> _Required work_:
Each record, word for word and stripped of pictures, is what the answer should contain.

> _Exercise materials_:
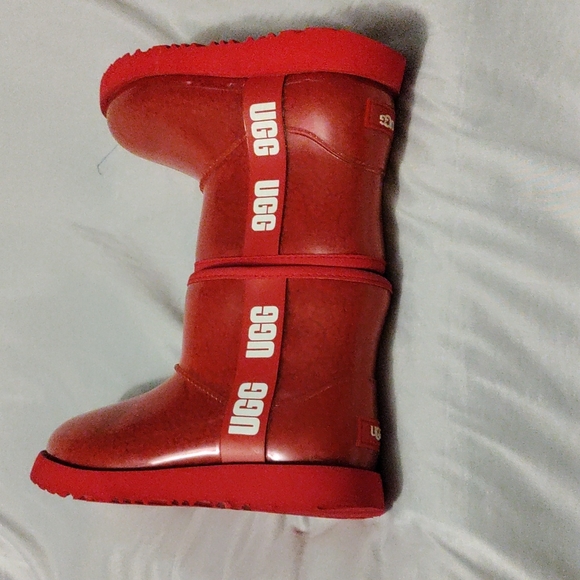 Prelove UGG Kids Classic Clear -Mini Boots - Picture 4 of 8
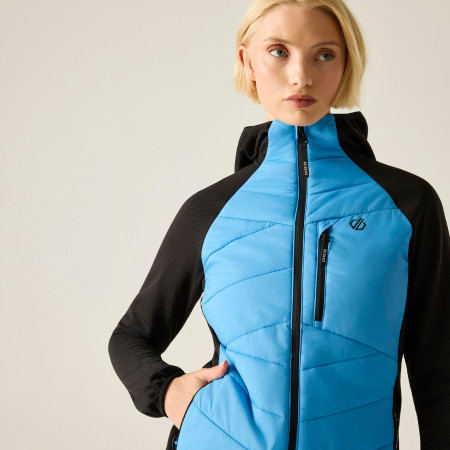 Dámska outdoorová bunda Dare 2b Womens Aerofse Padded Hybrid Jacket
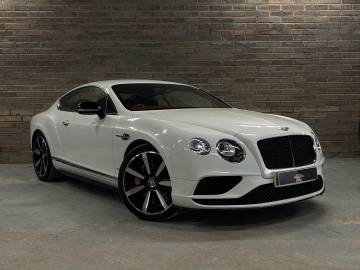 2017 Bentley Continental
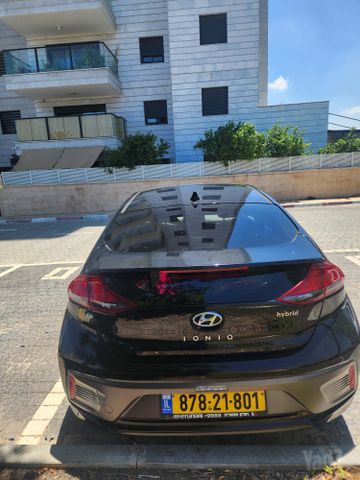 יונדאי איוניק
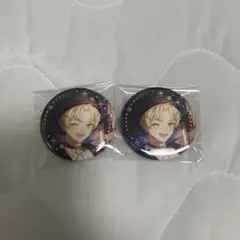 Twinkle Gifts 〜ウィンターデート2025〜箔押し缶バッジ 緋八マナ
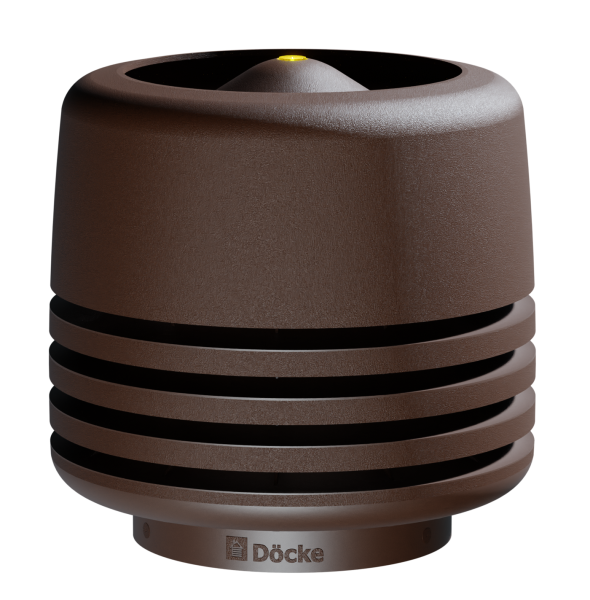 Колпак ИЗЛ-125\700 Тёмно-коричневый купить в Пензе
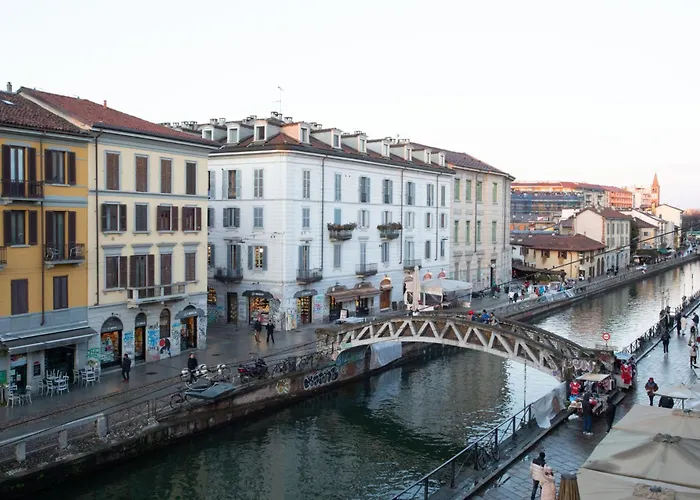 Easylife - - Porta Ticinese 43 - Navigli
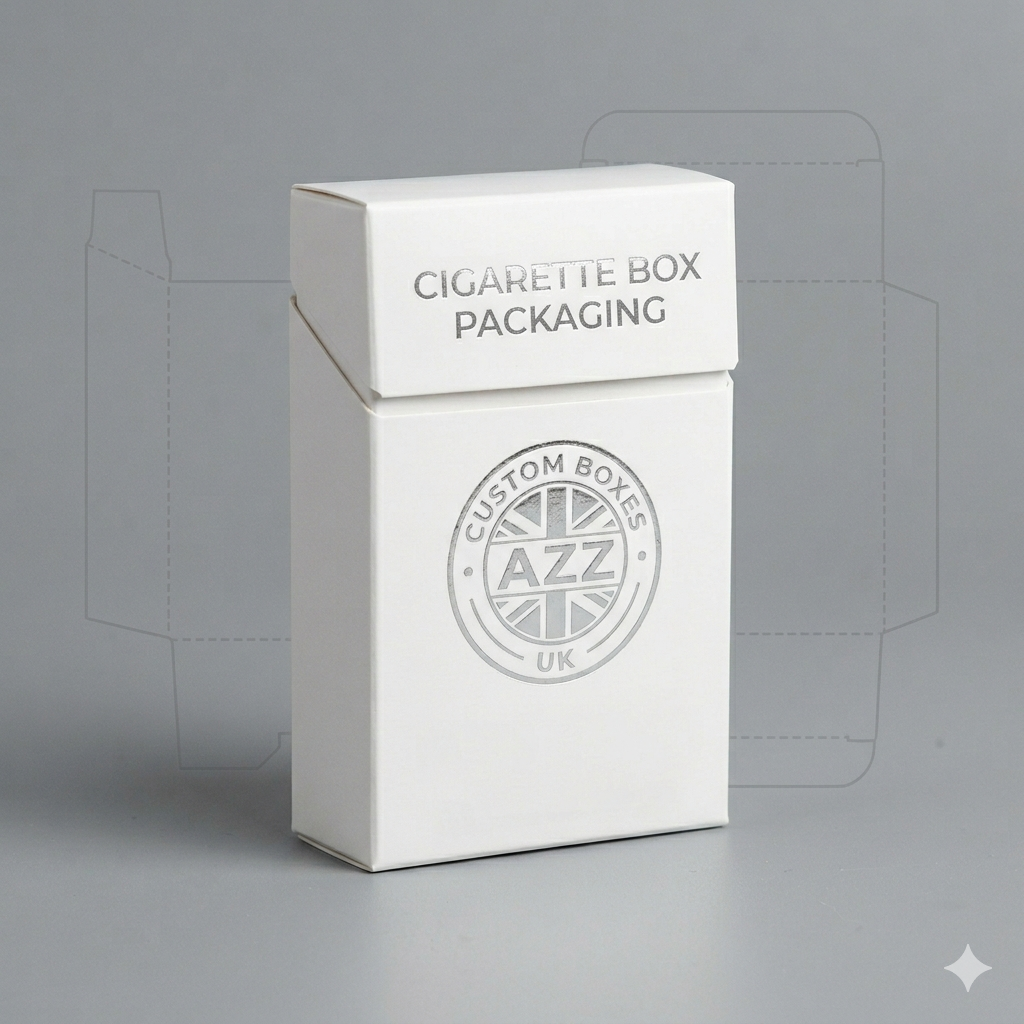 Cigarette Box Packaging UK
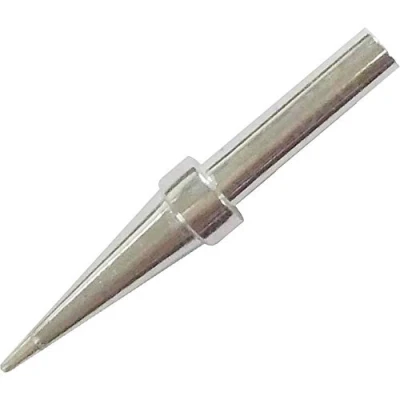 Afbeelding van TOOLCRAFT HF 1,0BF soldeerpunt Potloodvorm Grootte 1 mm Lengte soldeerpunt: 17 Inhoud: stuk(s)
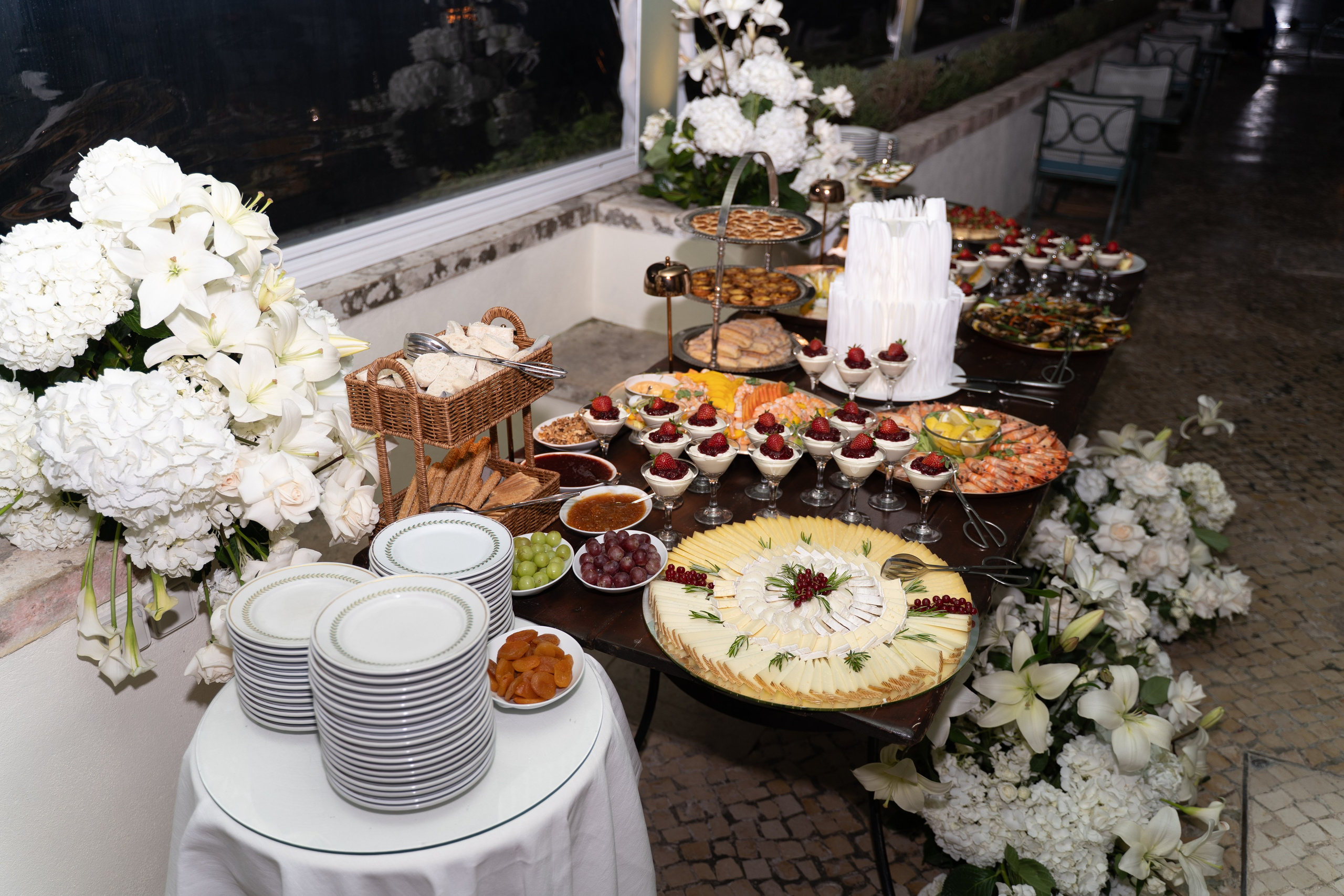 Maria & Artur. Fazemos o seu casamento ser lembrado por gerações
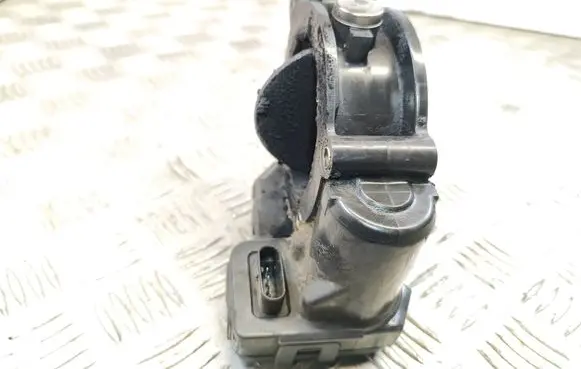 Mercedes-Benz C W204 Throttle valve A6510900270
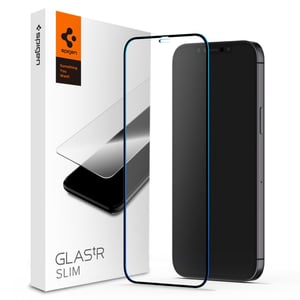 Spigen AGL03392 ochraniacz na ekran / tył telefonu Przezroczysta ochrona ekranu Apple 1 szt.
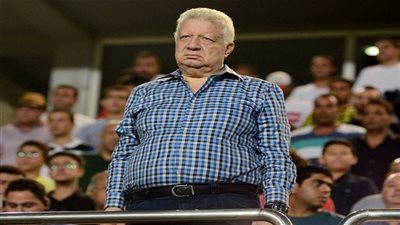 تعرف على تفاصيل جلسة مرتضى منصور مع الجهاز الفني بالزمالك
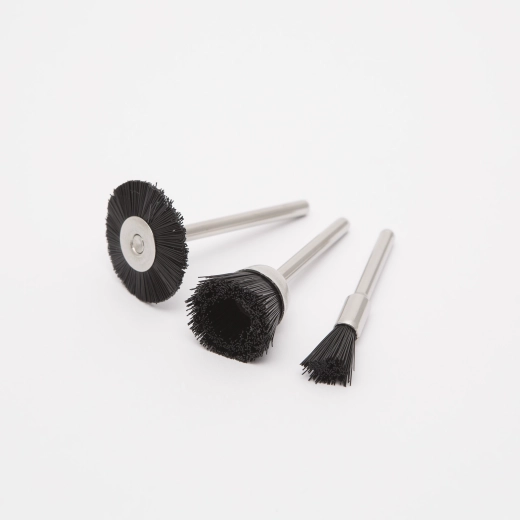 Ensemble de brosses de nettoyage en plastique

> _Expected answer_:
 Prelove UGG Kids Classic Clear -Mini Boots - Picture 4 of 8
 Dámska outdoorová bunda Dare 2b Womens Aerofse Padded Hybrid Jacket
 2017 Bentley Continental
 יונדאי איוניק
 Twinkle Gifts 〜ウィンターデート2025〜箔押し缶バッジ 緋八マナ
 Колпак ИЗЛ-125\700 Тёмно-коричневый купить в Пензе
 Easylife - - Porta Ticinese 43 - Navigli
 Cigarette Box Packaging UK
 Afbeelding van TOOLCRAFT HF 1,0BF soldeerpunt Potloodvorm Grootte 1 mm Lengte soldeerpunt: 17 Inhoud: stuk(s)
 Maria & Artur. Fazemos o seu casamento ser lembrado por gerações
 Mercedes-Benz C W204 Throttle valve A6510900270
 Spigen AGL03392 ochraniacz na ekran / tył telefonu Przezroczysta ochrona ekranu Apple 1 szt.
 تعرف على تفاصيل جلسة مرتضى منصور مع الجهاز الفني بالزمالك
 Ensemble de brosses de nettoyage en plastique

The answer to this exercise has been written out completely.